Removed fields Fields removed using the parser field removal functionality do not count towards usage costs. See Optimize Ingestion for more details. Tags can't be removed using field removal. Fields derived from @rawstring can't be removed using this feature.

Note

Your data needs a @timestamp field to be searchable in LogScale. If the field does not exist, LogScale adds it. This field counts as an ingest cost even if extracted from @rawstring.

To measure the ingest amount, query the humio-usage repository for ingestAfterFieldRemovalSize. See The humio-usage Repository for more details.

To monitor current usage in Organization Settings, see Usage Page.

Data Not Measured

The following fields do not count towards the usage cost calculation:

  • If you use Falcon LogScale Collector, metadata (fields) added by the Log Collector. These typically start with @collect.*.

  • Fields that the field removal feature in parser settings removes.

  • Fields and tags derived by the parser from the @rawstring.

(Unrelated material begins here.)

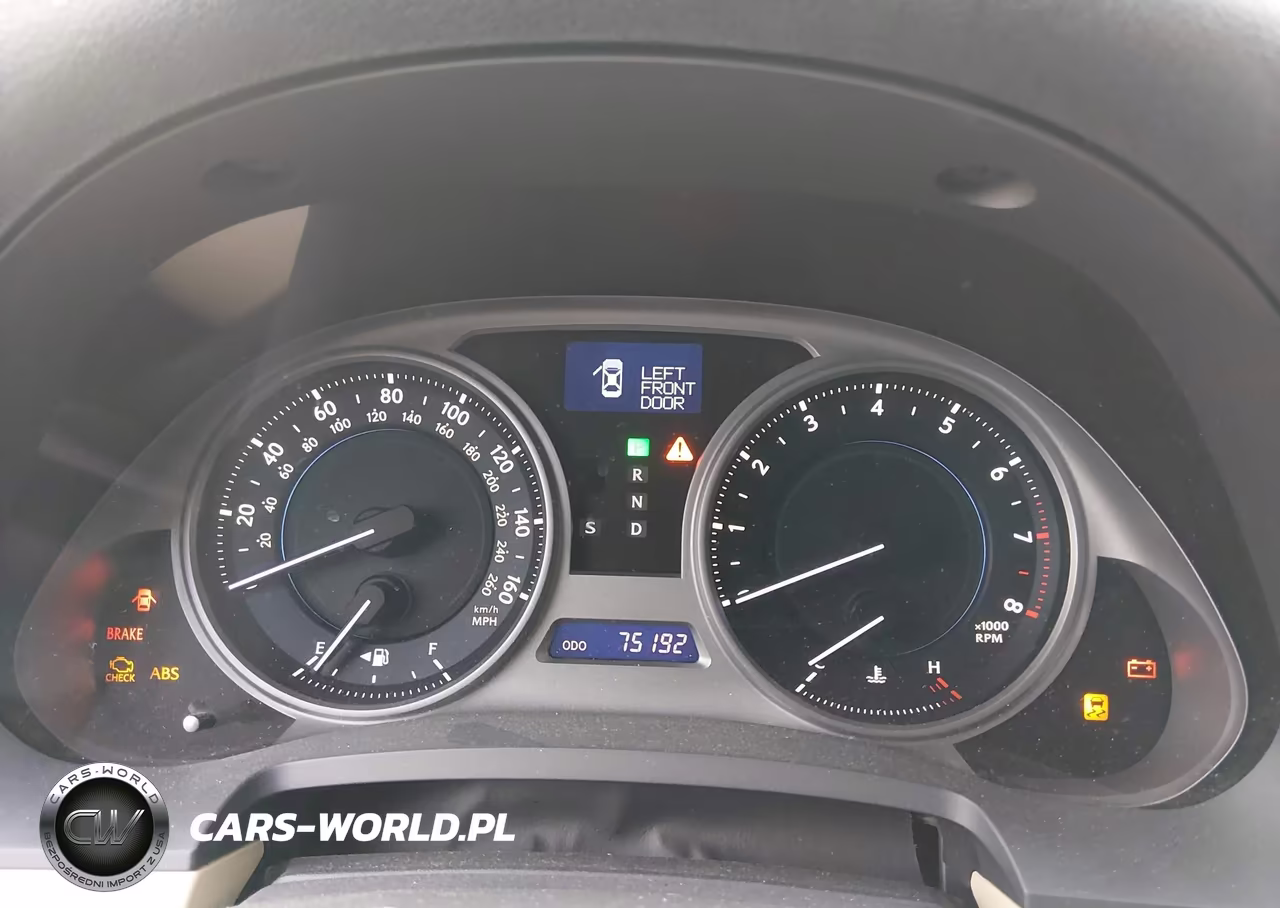 2008 Lexus Is 250 VIN:JTHBK262082073424 - 7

  • Fields added by parsers, including CPS parsers. Examples include fields such as Cps.version and Parser.version. See CrowdStrike Parsing Standard (CPS) 1.0 for further details.

Examples

The following sections describe some example events and indicate what data would be included for usage costs, and any exceptions that might apply.

Simple Rawstring

In this scenario, LogScale receives syslog entries containing a timestamp. A CPS-compliant parser parses them. The client adds no explicit fields, and field removal is not used. The event splits over two lines, so LogScale treats it as two events.

Example event:

1,2022/09/08 10:30:27,7200002624,GTP,end,0,2022/09/08 10:30:26,165.225.32.114,172.20.0.10,0:0:303:303::,0:0:404:404::,test,test,test,test,vsys1,test,test,ethernet1/123,ae124.1,logfwd,1969/12/31
16:00:00,0,1,12345,54321,12345,54321,0xffffffff,tcp,allow,Abnormal GTP-U message with out of order IE

The following table shows the costs and any exclusions:

Included in cost Excluded
Two events. First line is 193 bytes. Second line is 101 bytes. One @timestamp is added for each event (line) at 33 bytes each. Total is 360 bytes. Fields added by the parser, except @timestamp.
Event With Explicit Fields Added

In this scenario, a Cribl instance sends raw log data to NG-SIEM. This includes _raw with a timestamp and additional explicit fields. A CPS-compliant parser processes the event. On NG-SIEM there is no field removal option for the parser.

Example event:

json
[
  {
    "_raw": "178.146.234.131 - Qiv41020 [31/Jan/2025:16:12:11 +0000] \"GET /efficient/wireless/relationships/deliver\" 204 2338",
    "host": "web03.cribl.io",
    "sourcetype": "access_common",
    "source": "/var/log/apache/access.log",
    "_time": 1738339931.877,
    "cribl_test": "cribl-zz_macgyver_dev_linux_vm_debug_logs_241231"
  }
]

The following table shows the costs and any exclusions:

Included in cost Excluded
Entire rawstring, _raw, in bytes + 33 bytes for added @timestamp + all of the additional (explicit) fields (key value pairs) in bytes. Fields added by the CPS-compliant parser, except @timestamp.